La campagne pour l'élection présidentielle afghane du 20 août a commencé officiellement mardi, placée sous le signe des violences des talibans dont le président Hamid Karzaï n'est pas parvenu à endiguer la flambée malgré l'aide des forces internationales.

Les affiches couvrent depuis mardi arbres, poteaux, véhicules et panneaux de signalisation à Kaboul, où 30 véhicules tapissés d'affiches de Mirwais Yasini, président adjoint du parlement, parcouraient les rues au son de hauts-parleurs exhortant à voter pour leur champion.

A l'opposé, aucun portrait de candidats n'était visible à Kandahar, bastion des talibans dans le sud.
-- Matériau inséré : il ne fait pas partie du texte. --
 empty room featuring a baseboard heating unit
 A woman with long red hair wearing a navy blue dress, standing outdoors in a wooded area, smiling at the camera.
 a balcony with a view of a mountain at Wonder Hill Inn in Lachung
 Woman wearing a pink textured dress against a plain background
Haji Agha Lalai, membre du conseil provincial, a évoqué «des raisons de sécurité».

L'ex-ministre de l'Economie Ashraf Ghani, un des principaux adversaires du sortant Hamid Karzaï, a rencontré un millier de personnes dans sa maison de Kaboul.

Un autre poids lourd, l'ancien ministre des Affaires étrangères Abdullah Abdullah, devait tenir un meeting jeudi.
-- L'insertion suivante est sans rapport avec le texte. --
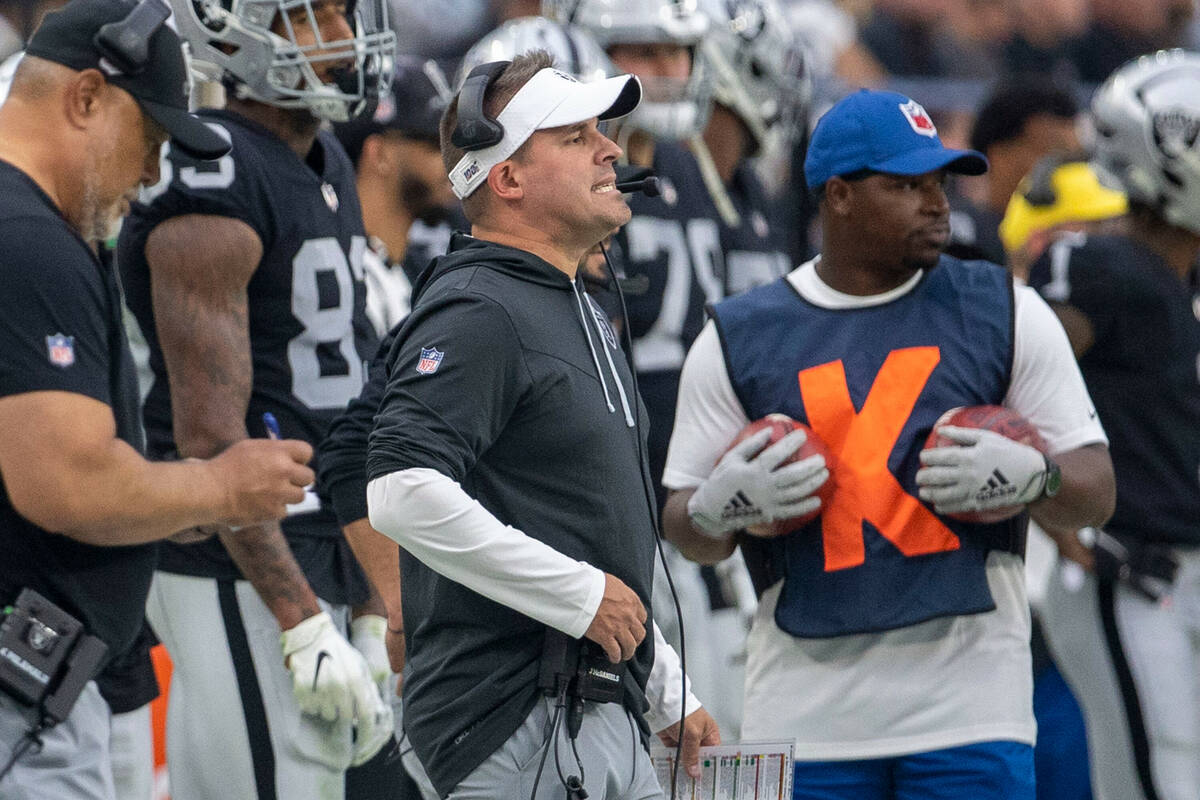 Raiders head coach Josh McDaniels reacts to a penalty during the second half of an NFL game aga ...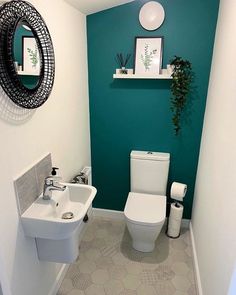 a white toilet sitting next to a sink in a bathroom under a mirror and a potted plant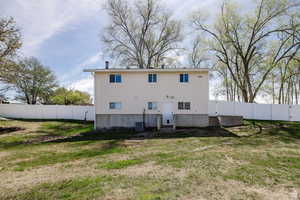Rear view of house with entry steps
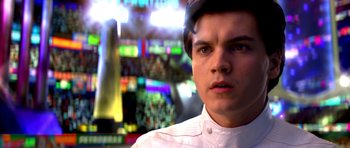 Movie still from “Speed Racer” (2008), directed by Lilly Wachowski – A man in a white shirt and a hat is looking at the camera; Close Up shot, Over the shoulder angle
Quant à l'équipe de M. Karzaï, elle a rejeté toute baisse de popularité du président, martelant que «Karzaï devance tous les autres».

Certains l'accusent d'utiliser les ressources gouvernementales pour sa campagne. Un représentant de la Commission électorale indépendante, Daoud Ali Najafi, a indiqué que le président avait accepté de ne pas utiliser les moyens étatiques.
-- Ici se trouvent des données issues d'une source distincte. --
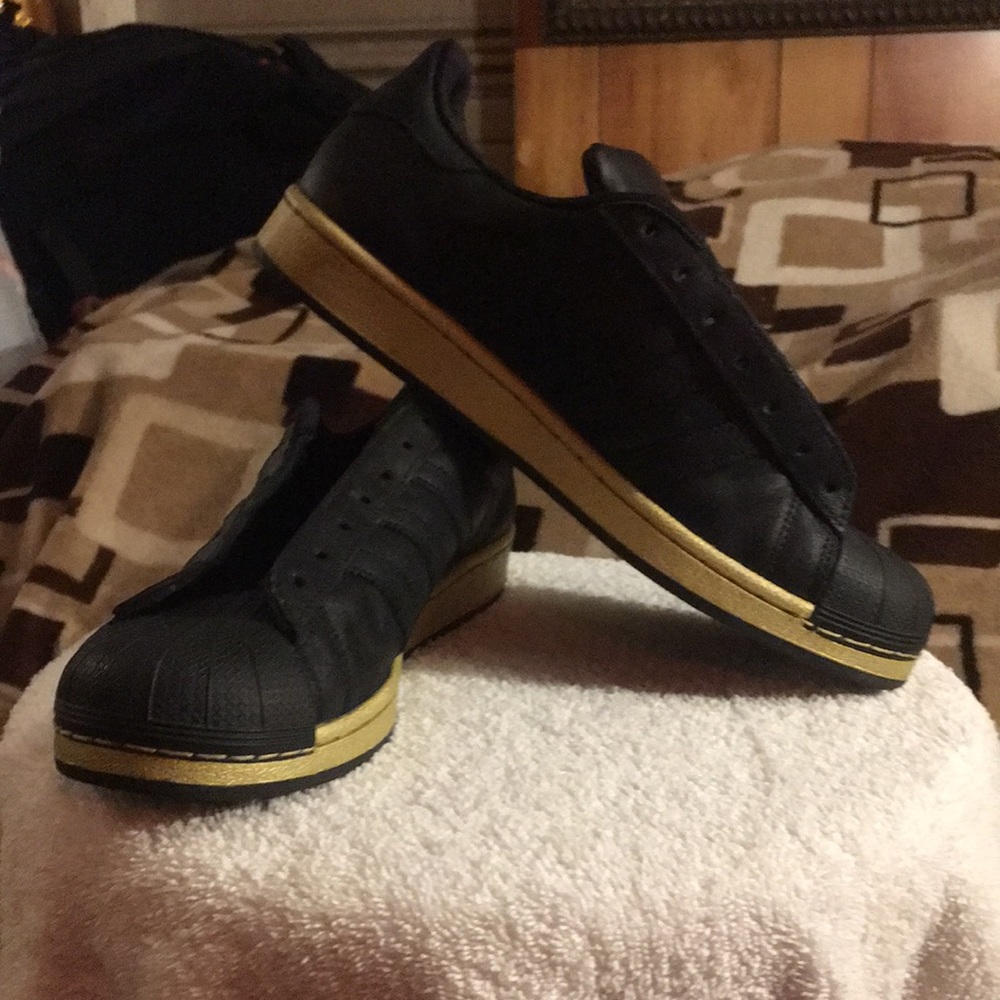 Adidas Black and Gold Superstar men’s size 9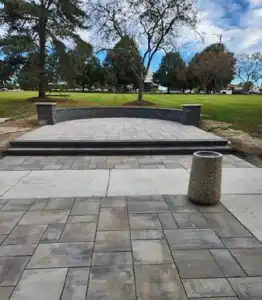 Outdoor patio with stone paving and landscaped surroundings.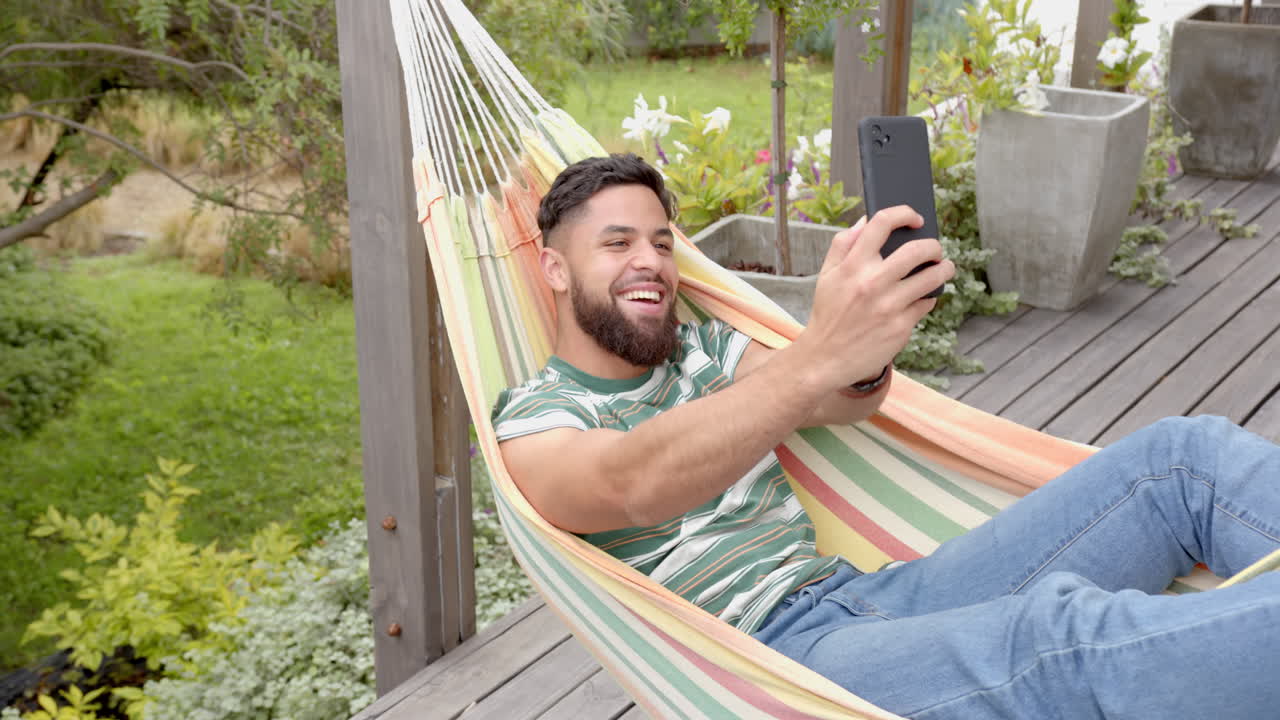 Relaxing in hammock, man taking selfie with smartphone in backyard garden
Au total, 41 candidats, dont deux femmes, se présentent à la seconde présidentielle au suffrage universel direct de l'histoire du pays.

Mardi a également débuté la campagne des élections provinciales: 3.196 candidats concourent pour 420 sièges dans les 34 conseils provinciaux. Deux candidats ont été tués récemment.

La campagne s'achèvera le 17 août, trois jours avant le scrutin.

M. Karzaï, déjà vainqueur en 2004 avec 55,4% des voix, reste favori malgré son exécrable bilan en matière de sécurité.

Après une aggravation ces deux dernières années, la première semaine de juin a connu «le plus haut niveau d'incidents» violents depuis la chute des talibans fin 2001, selon le général David Petraeus, commandant des forces américaines en Irak et en Afghanistan.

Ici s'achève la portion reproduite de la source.